▶ _What you will do_: Beginning with the line that has "Chapter 27, page 60" in it, transcribe the listing exactly through its final line, and add nothing.

▶ _Dataset content_:

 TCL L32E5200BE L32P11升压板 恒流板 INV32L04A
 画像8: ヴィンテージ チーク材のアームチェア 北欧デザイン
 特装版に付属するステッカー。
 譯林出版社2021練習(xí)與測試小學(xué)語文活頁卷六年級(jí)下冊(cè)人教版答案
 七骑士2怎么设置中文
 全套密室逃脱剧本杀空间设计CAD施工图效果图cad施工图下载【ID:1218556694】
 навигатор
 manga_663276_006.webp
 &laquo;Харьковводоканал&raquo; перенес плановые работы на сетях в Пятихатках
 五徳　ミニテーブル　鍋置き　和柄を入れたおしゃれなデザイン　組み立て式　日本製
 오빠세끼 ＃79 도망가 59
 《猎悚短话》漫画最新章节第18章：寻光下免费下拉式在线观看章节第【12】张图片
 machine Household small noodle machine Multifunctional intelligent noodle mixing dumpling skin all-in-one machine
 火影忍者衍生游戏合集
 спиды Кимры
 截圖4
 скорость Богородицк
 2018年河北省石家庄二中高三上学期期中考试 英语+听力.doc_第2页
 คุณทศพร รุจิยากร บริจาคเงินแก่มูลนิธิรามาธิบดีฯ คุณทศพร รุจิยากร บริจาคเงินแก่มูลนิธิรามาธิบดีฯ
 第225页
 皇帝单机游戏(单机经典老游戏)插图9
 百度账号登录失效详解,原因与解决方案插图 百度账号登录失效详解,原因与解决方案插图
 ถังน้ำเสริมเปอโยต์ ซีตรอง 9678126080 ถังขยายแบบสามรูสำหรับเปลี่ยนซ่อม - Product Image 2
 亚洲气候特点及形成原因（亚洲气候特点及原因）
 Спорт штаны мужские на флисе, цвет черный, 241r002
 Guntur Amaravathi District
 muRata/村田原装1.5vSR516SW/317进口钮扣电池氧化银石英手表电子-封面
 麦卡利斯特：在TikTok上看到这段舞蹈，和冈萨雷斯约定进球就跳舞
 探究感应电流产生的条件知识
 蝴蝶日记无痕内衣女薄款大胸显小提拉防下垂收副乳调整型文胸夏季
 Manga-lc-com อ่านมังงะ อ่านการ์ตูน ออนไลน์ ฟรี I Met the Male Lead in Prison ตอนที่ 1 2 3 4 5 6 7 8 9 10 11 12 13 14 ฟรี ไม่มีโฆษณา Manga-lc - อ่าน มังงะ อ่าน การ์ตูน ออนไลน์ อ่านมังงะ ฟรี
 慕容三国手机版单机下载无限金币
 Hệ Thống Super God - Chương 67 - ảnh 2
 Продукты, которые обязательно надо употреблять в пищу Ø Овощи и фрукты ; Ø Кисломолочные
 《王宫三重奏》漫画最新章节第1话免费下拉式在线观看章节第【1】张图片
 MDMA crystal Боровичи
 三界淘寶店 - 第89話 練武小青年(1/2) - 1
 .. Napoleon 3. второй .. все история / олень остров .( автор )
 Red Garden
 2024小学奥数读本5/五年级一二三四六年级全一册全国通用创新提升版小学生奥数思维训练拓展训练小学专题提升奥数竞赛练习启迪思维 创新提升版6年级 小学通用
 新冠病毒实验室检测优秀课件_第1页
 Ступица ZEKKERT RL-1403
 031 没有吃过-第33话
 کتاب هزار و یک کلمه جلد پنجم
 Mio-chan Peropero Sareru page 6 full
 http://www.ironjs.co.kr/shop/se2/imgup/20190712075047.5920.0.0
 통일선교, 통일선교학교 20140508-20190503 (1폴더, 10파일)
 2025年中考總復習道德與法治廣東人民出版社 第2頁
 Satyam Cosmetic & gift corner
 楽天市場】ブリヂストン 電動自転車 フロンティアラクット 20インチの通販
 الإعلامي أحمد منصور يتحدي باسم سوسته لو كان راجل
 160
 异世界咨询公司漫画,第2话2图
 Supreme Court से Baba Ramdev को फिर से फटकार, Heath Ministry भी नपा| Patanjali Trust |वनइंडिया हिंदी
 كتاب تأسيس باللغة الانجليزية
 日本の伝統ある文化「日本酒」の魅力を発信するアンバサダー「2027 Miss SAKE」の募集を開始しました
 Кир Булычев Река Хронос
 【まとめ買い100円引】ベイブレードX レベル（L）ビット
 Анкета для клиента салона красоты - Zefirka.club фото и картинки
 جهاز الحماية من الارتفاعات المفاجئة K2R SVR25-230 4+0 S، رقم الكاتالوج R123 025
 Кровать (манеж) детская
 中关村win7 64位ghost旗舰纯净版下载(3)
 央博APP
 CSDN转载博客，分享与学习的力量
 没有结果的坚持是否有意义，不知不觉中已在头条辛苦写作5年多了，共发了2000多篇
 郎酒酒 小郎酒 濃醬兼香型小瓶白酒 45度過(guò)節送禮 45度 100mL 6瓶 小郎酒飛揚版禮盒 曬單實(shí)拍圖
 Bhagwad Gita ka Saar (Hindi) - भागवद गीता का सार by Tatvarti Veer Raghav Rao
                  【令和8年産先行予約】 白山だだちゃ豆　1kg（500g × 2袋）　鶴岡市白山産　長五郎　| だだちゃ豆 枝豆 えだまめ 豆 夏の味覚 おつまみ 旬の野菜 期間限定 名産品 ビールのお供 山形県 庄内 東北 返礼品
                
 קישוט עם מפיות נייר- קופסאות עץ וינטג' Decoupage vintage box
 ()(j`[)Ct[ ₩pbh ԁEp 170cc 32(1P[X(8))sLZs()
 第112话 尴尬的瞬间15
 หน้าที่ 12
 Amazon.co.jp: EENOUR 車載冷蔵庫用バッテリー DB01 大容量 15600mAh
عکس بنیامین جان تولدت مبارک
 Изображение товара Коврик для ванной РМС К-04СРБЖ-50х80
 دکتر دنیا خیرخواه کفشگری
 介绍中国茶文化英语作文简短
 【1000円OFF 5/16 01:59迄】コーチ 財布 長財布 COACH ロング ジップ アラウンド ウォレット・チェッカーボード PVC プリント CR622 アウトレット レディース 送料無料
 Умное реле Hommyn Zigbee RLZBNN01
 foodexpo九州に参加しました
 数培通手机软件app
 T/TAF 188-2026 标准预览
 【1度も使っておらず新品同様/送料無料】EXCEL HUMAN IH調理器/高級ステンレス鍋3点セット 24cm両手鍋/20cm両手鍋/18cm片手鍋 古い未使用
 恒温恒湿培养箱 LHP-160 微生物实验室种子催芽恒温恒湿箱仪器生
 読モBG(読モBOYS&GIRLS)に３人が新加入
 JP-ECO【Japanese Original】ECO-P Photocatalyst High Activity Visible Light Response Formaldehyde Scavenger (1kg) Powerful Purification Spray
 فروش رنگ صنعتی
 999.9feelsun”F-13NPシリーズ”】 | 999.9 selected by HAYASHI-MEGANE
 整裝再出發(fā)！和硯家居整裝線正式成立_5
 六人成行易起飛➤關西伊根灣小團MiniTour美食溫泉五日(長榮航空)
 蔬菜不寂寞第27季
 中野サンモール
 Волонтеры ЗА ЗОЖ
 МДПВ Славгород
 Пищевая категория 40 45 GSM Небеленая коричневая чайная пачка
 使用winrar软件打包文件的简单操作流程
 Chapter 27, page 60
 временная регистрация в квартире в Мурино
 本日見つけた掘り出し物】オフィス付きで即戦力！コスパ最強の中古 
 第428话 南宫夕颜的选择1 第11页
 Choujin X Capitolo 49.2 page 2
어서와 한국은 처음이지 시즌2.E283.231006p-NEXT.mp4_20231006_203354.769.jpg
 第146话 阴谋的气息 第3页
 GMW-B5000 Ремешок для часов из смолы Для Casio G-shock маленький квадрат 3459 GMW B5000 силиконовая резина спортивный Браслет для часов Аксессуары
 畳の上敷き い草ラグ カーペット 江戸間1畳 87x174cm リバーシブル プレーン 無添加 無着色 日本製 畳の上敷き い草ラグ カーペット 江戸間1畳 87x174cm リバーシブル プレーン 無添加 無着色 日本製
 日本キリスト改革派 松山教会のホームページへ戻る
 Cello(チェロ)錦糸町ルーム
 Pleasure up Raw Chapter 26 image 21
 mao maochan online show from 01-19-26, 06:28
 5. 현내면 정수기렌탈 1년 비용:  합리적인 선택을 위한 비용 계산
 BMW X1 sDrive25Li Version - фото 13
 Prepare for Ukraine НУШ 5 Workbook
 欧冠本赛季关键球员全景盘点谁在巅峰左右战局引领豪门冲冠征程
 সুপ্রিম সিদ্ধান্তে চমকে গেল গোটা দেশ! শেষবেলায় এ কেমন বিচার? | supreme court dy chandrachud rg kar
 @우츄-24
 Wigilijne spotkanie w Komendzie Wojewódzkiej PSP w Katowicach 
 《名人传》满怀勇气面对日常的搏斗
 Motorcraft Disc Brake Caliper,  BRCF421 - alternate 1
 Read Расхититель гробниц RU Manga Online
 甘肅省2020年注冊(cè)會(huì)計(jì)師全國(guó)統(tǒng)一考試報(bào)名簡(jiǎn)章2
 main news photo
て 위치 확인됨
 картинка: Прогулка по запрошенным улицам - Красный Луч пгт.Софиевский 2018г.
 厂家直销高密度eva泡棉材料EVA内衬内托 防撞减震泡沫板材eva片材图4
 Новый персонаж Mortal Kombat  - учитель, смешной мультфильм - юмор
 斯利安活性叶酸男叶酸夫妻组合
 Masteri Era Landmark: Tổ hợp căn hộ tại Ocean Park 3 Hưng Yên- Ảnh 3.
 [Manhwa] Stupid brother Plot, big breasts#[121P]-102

▶ _Response_:
 Chapter 27, page 60
 временная регистрация в квартире в Мурино
 本日見つけた掘り出し物】オフィス付きで即戦力！コスパ最強の中古 
 第428话 南宫夕颜的选择1 第11页
 Choujin X Capitolo 49.2 page 2
어서와 한국은 처음이지 시즌2.E283.231006p-NEXT.mp4_20231006_203354.769.jpg
 第146话 阴谋的气息 第3页
 GMW-B5000 Ремешок для часов из смолы Для Casio G-shock маленький квадрат 3459 GMW B5000 силиконовая резина спортивный Браслет для часов Аксессуары
 畳の上敷き い草ラグ カーペット 江戸間1畳 87x174cm リバーシブル プレーン 無添加 無着色 日本製 畳の上敷き い草ラグ カーペット 江戸間1畳 87x174cm リバーシブル プレーン 無添加 無着色 日本製
 日本キリスト改革派 松山教会のホームページへ戻る
 Cello(チェロ)錦糸町ルーム
 Pleasure up Raw Chapter 26 image 21
 mao maochan online show from 01-19-26, 06:28
 5. 현내면 정수기렌탈 1년 비용:  합리적인 선택을 위한 비용 계산
 BMW X1 sDrive25Li Version - фото 13
 Prepare for Ukraine НУШ 5 Workbook
 欧冠本赛季关键球员全景盘点谁在巅峰左右战局引领豪门冲冠征程
 সুপ্রিম সিদ্ধান্তে চমকে গেল গোটা দেশ! শেষবেলায় এ কেমন বিচার? | supreme court dy chandrachud rg kar
 @우츄-24
 Wigilijne spotkanie w Komendzie Wojewódzkiej PSP w Katowicach 
 《名人传》满怀勇气面对日常的搏斗
 Motorcraft Disc Brake Caliper,  BRCF421 - alternate 1
 Read Расхититель гробниц RU Manga Online
 甘肅省2020年注冊(cè)會(huì)計(jì)師全國(guó)統(tǒng)一考試報(bào)名簡(jiǎn)章2
 main news photo
て 위치 확인됨
 картинка: Прогулка по запрошенным улицам - Красный Луч пгт.Софиевский 2018г.
 厂家直销高密度eva泡棉材料EVA内衬内托 防撞减震泡沫板材eva片材图4
 Новый персонаж Mortal Kombat  - учитель, смешной мультфильм - юмор
 斯利安活性叶酸男叶酸夫妻组合
 Masteri Era Landmark: Tổ hợp căn hộ tại Ocean Park 3 Hưng Yên- Ảnh 3.
 [Manhwa] Stupid brother Plot, big breasts#[121P]-102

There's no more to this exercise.